● **Data extract**:
--*--

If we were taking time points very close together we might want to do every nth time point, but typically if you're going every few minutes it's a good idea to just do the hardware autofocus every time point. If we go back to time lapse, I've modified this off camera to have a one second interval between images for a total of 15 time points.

--*--

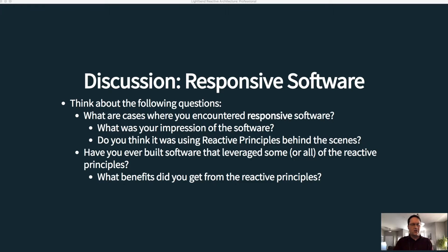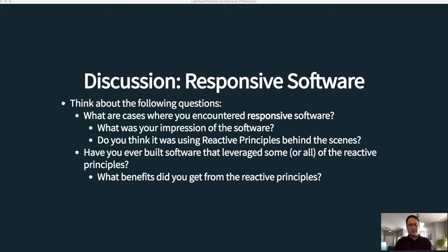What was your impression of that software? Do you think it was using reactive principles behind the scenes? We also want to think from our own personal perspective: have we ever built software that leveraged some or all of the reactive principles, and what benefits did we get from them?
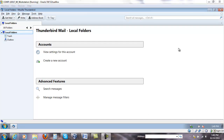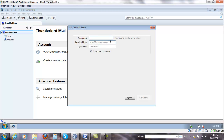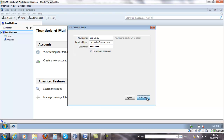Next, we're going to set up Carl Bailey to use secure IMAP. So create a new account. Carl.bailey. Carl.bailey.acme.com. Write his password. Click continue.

--*--

● **Task description**: Go back to the listing above and write out the lines starting at the one with "What was your" and ending at the one with "Next, we're going", inclusive, exactly and without pictures.

● **Written response**:
What was your impression of that software? Do you think it was using reactive principles behind the scenes? We also want to think from our own personal perspective: have we ever built software that leveraged some or all of the reactive principles, and what benefits did we get from them?
Next, we're going to set up Carl Bailey to use secure IMAP. So create a new account. Carl.bailey. Carl.bailey.acme.com. Write his password. Click continue.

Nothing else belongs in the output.